In the old day, to be in a band, you had to pick up an instrument and learn to play it. Or you had to be able to sing without the benefits of Autotune or other studio trickery. Charlatans like Britney Spears would have been realized immediately as having no true vocal talent. Granted, there were the occasional music industry creations like the Monkees, but even they could play instruments and sing.

Back in the day, if a band covered a tune, it generally did so by playing in it's own style and adding something to the tune. I'm thinking of Van Halen's covers (Dancing in the Street, Pretty Woman, etc) as a prime example.

Skip ahead to the present, or, say, 1995 - present, and anyone with a computer can sample a song, twist a couple of knobs, and say they've made a new single. Now, I have enjoyed some modern covers, but to me the vast majority of them seem artificial and trashy.

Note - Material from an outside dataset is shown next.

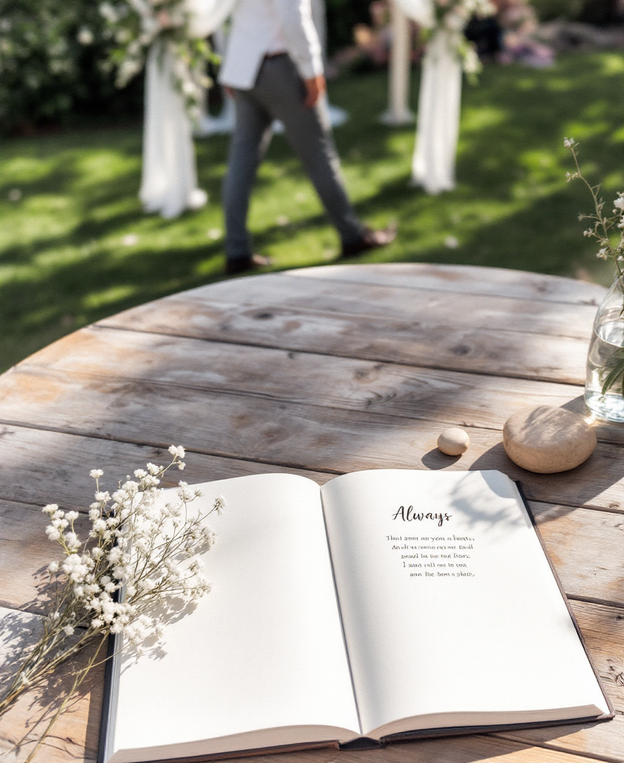 Simple Wedding Blessing Poems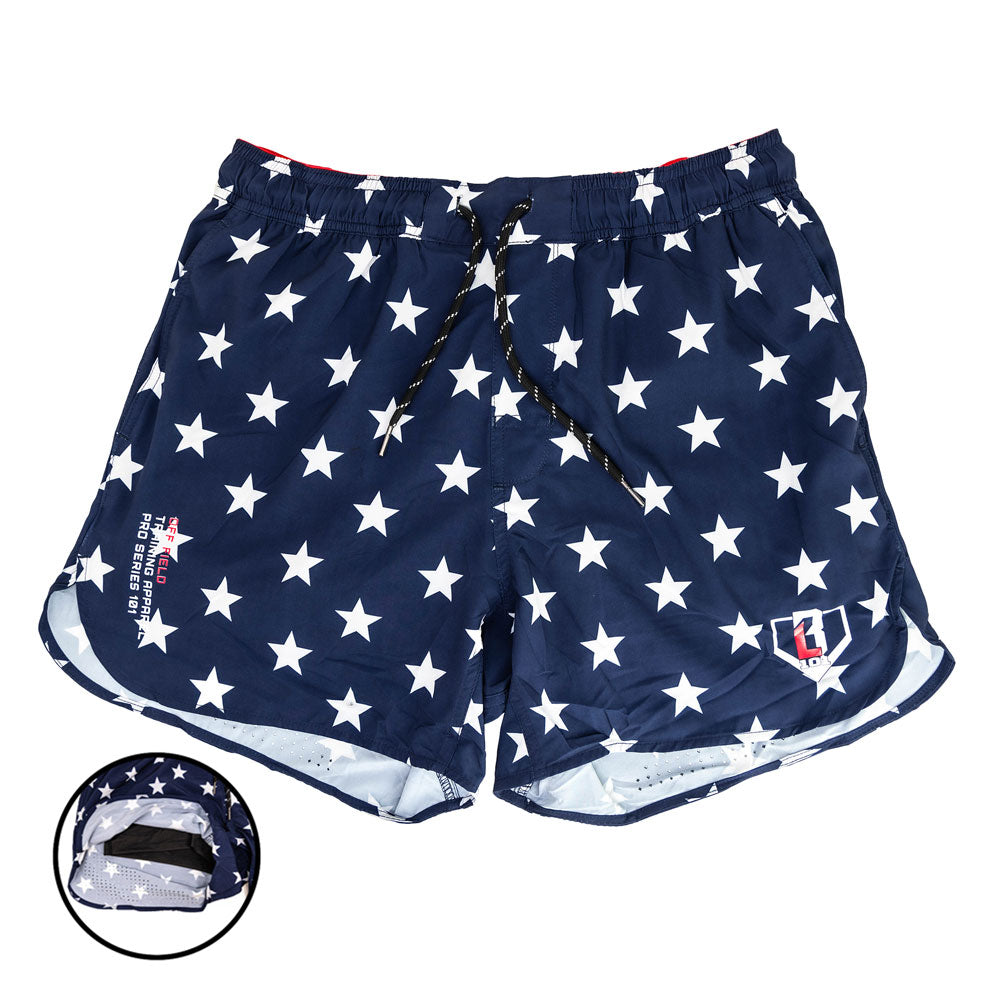 Pro Series Youth Shorts with Liner - Freedom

I know that's a matter of taste, but I personally don't like that kind of "progress". The ease of sampling and the entitled attitude that many samplers take really chaps my a$$. There's too many people not giving credit, acting like they have the right to sample anything, regardless of copyright, and acting like they've really created something significant when 98% of the work was done by the original artist. At least when Van Halen played a cover, they called it a cover.

On the positive side, technology has made it easier than ever to create music, so there is at least the chance that more good music will be made. It's just hard for me to filter out the crap and find the good stuff.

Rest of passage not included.